News Life and Health01 May 2018

Japan:Two thirds of health insurance funds expect operating deficit in FY2018

01 May 2018

More than 60% of the 1,389 health insurance societies serving employees of major companies and other members are projected to run in the red in the current fiscal year (FY2018) which started on 1 April, according to the National Federation of Health Insurance Societies (Kenporen).

According to the Federation's FY2018 budget estimate report, average premiums are also pegged to rise 0.051 points from last fiscal year to 9.215%, the 11th straight year of increases.

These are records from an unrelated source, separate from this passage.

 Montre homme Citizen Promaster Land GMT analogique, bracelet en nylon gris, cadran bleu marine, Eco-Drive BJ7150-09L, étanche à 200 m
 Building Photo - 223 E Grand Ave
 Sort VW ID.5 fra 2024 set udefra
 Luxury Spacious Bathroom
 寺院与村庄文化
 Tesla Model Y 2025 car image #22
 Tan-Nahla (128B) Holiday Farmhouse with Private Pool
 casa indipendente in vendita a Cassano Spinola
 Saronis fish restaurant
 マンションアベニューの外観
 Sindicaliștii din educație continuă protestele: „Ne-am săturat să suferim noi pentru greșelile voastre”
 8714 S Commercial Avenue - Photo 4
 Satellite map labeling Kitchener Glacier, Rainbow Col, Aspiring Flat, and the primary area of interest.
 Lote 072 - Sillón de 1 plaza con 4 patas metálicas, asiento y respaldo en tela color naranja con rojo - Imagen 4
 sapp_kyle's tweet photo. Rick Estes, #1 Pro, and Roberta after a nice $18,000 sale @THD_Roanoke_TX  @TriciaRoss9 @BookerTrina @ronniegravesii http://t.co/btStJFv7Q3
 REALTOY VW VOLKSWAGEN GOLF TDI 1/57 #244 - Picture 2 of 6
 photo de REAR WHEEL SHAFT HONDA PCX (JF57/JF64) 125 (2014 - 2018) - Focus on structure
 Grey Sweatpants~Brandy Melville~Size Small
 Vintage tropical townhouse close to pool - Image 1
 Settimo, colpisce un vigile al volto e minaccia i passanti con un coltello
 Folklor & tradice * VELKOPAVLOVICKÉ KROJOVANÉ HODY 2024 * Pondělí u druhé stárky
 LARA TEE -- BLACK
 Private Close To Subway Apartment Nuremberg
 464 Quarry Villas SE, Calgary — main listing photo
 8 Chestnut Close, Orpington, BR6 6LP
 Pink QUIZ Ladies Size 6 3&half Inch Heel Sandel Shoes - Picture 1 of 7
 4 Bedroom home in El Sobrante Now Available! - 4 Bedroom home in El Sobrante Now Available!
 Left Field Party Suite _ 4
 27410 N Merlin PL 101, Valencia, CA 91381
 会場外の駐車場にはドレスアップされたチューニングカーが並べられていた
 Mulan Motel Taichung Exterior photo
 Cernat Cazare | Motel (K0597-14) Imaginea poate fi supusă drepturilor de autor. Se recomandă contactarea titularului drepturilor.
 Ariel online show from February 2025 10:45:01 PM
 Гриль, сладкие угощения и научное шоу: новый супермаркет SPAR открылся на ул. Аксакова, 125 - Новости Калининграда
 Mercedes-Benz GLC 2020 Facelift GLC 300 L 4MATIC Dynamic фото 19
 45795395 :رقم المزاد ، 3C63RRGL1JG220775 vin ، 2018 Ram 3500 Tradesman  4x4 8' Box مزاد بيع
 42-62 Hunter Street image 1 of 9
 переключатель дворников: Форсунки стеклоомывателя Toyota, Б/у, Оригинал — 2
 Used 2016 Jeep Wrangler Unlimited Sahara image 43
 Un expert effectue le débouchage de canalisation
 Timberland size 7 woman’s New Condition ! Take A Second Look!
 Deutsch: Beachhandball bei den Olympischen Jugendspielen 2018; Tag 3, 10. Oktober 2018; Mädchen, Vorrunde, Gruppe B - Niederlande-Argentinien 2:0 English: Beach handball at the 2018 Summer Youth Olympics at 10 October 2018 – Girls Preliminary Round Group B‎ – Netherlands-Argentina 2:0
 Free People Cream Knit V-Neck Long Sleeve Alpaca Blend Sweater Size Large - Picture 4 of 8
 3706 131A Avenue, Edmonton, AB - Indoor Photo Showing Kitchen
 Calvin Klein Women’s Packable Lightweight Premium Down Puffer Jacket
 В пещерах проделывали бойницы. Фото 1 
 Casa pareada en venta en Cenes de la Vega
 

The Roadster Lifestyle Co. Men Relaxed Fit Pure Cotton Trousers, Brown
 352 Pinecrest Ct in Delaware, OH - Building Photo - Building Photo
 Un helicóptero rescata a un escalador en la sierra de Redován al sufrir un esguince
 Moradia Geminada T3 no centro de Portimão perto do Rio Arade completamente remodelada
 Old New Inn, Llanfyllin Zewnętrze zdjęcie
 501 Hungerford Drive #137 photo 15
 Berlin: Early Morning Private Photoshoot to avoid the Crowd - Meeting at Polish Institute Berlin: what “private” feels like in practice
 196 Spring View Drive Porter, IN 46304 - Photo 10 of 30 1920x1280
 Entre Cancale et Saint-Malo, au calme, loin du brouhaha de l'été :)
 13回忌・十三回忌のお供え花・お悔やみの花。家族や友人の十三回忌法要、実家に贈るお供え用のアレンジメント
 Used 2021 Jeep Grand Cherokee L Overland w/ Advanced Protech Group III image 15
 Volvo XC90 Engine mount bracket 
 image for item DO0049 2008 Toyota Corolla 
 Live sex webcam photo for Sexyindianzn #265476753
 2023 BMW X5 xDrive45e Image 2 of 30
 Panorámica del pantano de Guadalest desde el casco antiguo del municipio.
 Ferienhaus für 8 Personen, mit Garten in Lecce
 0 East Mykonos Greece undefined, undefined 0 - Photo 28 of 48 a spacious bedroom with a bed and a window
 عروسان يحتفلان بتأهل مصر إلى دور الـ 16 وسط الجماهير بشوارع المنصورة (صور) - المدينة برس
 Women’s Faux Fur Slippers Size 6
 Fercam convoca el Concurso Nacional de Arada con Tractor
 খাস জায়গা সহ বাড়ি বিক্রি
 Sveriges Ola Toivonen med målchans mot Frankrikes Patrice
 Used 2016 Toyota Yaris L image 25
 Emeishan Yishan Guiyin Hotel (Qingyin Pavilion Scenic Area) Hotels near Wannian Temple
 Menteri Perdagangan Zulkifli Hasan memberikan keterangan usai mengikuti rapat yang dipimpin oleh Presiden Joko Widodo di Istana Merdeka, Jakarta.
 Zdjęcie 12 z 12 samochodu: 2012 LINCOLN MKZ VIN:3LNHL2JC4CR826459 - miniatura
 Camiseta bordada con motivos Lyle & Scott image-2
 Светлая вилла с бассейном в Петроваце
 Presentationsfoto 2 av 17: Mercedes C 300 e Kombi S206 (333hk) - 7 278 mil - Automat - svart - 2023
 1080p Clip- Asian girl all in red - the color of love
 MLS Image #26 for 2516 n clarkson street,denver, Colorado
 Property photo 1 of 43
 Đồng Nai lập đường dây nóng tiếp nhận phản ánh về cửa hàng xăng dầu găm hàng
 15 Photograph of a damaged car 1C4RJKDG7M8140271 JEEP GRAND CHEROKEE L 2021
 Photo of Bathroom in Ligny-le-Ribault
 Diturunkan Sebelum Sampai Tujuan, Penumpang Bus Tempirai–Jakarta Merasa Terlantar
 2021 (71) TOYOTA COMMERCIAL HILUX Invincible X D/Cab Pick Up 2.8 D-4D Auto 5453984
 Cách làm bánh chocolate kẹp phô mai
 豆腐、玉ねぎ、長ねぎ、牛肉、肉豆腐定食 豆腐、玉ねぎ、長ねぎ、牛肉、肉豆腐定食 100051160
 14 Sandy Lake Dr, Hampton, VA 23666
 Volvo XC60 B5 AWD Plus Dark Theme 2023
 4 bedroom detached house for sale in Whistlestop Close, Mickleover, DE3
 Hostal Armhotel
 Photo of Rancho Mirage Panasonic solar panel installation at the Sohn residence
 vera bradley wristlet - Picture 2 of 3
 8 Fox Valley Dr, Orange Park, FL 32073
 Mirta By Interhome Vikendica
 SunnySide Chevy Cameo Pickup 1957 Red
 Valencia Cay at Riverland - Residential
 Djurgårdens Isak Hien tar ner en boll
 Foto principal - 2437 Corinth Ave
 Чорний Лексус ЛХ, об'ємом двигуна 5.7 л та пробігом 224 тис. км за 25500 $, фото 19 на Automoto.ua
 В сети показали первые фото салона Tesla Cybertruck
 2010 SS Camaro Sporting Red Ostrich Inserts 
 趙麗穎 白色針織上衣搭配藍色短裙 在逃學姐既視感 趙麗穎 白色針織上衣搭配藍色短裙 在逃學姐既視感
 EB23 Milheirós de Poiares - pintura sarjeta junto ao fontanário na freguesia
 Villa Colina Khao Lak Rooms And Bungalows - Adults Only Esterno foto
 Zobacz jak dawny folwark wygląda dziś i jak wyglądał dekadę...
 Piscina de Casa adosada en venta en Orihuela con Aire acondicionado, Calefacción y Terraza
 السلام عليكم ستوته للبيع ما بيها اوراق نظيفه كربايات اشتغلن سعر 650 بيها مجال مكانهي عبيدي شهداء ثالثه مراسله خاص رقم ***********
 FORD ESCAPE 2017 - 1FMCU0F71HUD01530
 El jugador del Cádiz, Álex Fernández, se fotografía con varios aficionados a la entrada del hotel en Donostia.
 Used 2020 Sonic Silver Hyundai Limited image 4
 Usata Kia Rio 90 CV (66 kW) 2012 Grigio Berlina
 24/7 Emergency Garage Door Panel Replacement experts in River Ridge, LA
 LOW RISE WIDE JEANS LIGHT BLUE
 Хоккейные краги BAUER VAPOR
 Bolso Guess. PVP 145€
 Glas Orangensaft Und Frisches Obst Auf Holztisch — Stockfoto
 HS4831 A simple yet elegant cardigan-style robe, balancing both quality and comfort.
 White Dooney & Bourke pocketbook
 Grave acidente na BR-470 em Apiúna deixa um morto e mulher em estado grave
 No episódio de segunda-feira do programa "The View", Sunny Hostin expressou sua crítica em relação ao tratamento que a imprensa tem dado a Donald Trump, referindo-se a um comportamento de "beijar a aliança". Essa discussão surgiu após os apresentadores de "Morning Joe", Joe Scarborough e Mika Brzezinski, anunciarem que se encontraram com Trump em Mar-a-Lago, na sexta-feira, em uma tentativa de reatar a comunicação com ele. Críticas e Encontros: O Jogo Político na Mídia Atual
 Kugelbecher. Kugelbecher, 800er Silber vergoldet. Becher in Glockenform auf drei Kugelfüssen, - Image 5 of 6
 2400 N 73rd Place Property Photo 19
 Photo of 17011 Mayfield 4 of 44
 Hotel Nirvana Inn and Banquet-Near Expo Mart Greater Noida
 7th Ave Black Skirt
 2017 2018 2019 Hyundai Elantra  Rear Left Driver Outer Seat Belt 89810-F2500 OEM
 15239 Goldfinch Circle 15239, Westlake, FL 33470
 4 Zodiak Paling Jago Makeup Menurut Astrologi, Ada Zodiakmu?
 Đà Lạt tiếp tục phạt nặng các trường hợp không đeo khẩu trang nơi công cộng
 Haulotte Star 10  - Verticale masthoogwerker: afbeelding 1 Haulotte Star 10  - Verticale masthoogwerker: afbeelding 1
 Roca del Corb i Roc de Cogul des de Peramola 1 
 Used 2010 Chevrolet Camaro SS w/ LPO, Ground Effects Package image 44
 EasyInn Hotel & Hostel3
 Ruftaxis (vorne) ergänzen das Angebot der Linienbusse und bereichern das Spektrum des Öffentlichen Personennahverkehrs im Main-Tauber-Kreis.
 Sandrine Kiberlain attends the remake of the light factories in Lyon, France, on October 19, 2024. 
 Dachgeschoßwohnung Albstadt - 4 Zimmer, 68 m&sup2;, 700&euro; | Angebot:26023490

The premium rates at 313 Kenporen-affiliated societies top the average 10% premium rate among societies of the Japan Health Insurance Association (Kyokai Kenpo), aimed at workers at small and medium-sized firms, and those 313 societies are on the brink of dissolution, reports The Mainichi.

Increasing health care costs for the elderly have pushed up health insurance society outlays and put stress on their balance sheets.

According to Kenporen, total income from premiums is set to rise 2.07% from FY2017 to about JPY8.1 trillion (US$74 billion). Some JPY4.14 trillion of that -- or about half of the total -- is committed to payouts for the legally mandated regular coverage for doctor and hospital visits by members and their families.

Care for the elderly takes up around 40% of the total budget, or about JPY3.5 trillion, covered by the premiums of members still in the workforce. This ratio is expected to pass 50% in 2025, when the baby boom generation will all be 75-plus. According to the Kenporen budget report, 283 of its member societies will already be paying out more for elderly care than for regular medical visit coverage this fiscal year.